(Stored items from a collection)
Segment Open
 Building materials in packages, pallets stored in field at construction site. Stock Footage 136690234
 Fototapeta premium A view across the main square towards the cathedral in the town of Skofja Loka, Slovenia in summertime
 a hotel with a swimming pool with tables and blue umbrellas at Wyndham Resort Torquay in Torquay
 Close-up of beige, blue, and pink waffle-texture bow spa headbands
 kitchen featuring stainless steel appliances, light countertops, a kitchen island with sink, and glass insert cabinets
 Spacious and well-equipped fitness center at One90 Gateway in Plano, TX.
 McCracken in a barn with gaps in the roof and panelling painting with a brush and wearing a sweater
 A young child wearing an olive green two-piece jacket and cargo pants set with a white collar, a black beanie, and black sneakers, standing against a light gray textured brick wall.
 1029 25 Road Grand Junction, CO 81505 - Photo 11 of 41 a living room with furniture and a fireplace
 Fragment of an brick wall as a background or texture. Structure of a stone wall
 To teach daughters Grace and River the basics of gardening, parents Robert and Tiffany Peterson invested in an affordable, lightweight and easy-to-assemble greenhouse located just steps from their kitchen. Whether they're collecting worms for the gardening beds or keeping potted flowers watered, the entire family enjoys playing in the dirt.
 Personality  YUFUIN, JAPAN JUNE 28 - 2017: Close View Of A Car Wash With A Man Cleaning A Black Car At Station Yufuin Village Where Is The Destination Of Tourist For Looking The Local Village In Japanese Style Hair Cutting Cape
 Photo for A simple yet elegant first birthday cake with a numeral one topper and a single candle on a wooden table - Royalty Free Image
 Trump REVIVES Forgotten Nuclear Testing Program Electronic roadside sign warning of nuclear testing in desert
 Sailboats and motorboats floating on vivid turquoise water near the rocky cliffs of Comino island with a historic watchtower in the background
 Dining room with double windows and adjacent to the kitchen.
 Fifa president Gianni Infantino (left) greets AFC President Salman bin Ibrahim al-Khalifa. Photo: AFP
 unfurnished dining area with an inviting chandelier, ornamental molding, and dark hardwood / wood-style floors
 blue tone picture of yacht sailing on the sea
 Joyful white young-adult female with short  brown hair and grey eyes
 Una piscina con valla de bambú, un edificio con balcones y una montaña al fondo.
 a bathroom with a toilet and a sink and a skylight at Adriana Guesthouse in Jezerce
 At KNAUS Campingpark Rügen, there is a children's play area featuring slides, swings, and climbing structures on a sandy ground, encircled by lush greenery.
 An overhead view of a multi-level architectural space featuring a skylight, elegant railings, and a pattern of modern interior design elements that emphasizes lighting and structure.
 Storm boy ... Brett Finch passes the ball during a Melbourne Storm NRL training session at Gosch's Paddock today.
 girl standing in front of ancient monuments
Segment Closed
◆ Activity
Look above for the line that contains "Storm boy ...". That line and every line after it through the end of the data must be written out exactly, with nothing else.

◆ Answer box
 Storm boy ... Brett Finch passes the ball during a Melbourne Storm NRL training session at Gosch's Paddock today.
 girl standing in front of ancient monuments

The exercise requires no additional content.